Options reportedly include delays to the completion of phases, scrapping what remains of HS2 East, or cutting the new link from Crewe to Manchester, with high-speed trains instead running on existing tracks.

The HS2-led review will supersede Project Silverlight and Project Blue Diamond, which were respectively set up to find efficiencies on the project’s first phase and to hunt for cost savings across the entire scheme.

The newspaper reports that Alan Over, director general of the DfT’s High Speed Rail Group, will review their findings before the project is transferred to HS2 Ltd.

The delivery of HS2 has already been considerably delayed, with the expected completion of the first phase pushed back from 2026 to a window of 2029 to 2033, with a further delay of four years now reportedly being considered.

The second part of the line to Manchester and the truncated eastern leg have also been pushed back from 2033 to a window of 2035 to 2041.

There are growing doubts the eastern leg will be delivered at all – a 90-mile stretch of the line between East Midlands Parkway, near Nottingham, and Leeds was scrapped in late 2021.

Now it appears the remaining 40 miles of proposed rail lines between Birmingham and East Midlands Parkway could also be sacrificed.

According to independent rail consultant William Barter, scrapping HS2 East could allow Euston station to be delivered more quickly and for less money.

Last October, the government confirmed the number of platforms at Euston would be reduced from 11 to 10 to allow it to be built in a single phase, and, according to Barter, cutting the eastern leg would mean the station could be even smaller.

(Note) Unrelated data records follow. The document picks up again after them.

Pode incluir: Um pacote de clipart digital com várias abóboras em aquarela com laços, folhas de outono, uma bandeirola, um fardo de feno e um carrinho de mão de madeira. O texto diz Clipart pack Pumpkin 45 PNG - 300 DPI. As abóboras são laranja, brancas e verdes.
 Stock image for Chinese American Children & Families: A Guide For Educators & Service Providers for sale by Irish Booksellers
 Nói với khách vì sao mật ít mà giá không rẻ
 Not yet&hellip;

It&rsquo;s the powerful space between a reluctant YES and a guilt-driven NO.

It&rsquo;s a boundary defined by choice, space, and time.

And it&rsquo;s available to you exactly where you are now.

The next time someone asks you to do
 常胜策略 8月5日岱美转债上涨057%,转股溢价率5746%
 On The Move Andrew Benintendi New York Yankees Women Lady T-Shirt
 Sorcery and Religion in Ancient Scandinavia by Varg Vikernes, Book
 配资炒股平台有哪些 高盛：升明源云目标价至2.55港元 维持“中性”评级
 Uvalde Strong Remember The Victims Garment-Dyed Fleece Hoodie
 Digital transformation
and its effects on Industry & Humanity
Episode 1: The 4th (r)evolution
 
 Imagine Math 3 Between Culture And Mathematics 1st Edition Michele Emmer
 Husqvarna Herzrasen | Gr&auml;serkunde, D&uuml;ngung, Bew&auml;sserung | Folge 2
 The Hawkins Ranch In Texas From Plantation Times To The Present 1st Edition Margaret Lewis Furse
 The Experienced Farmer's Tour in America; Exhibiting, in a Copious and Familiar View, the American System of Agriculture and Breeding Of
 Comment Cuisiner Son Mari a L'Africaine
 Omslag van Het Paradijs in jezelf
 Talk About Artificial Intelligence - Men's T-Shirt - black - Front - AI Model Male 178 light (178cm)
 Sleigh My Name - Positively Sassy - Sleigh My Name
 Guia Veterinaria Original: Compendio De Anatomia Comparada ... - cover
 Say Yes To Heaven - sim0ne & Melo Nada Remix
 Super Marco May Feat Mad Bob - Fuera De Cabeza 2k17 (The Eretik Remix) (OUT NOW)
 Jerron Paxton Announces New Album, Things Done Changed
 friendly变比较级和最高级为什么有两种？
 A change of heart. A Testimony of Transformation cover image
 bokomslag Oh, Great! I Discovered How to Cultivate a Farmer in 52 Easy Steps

A delay to the opening of the section of the line from Old Oak Common to Euston – previously reported to have been on the chopping block – is also being mooted as part of the review.

HS2 has already scrutinised been in two government-ordered studies in the past four years.

The scrapping of the Leeds link came with the Integrated Rail Plan, the last major review of the HS2 scheme, and a year before that, the Douglas Oakervee independent review published its own findings on the scope of the project.

>> This one looks set to run and run: the continuing angst of HS2 and its budget of billions 

According to The Times, prime minister Rishi Sunak is sceptical of the benefits of HS2 and had pushed for it to be scaled back while he was chancellor.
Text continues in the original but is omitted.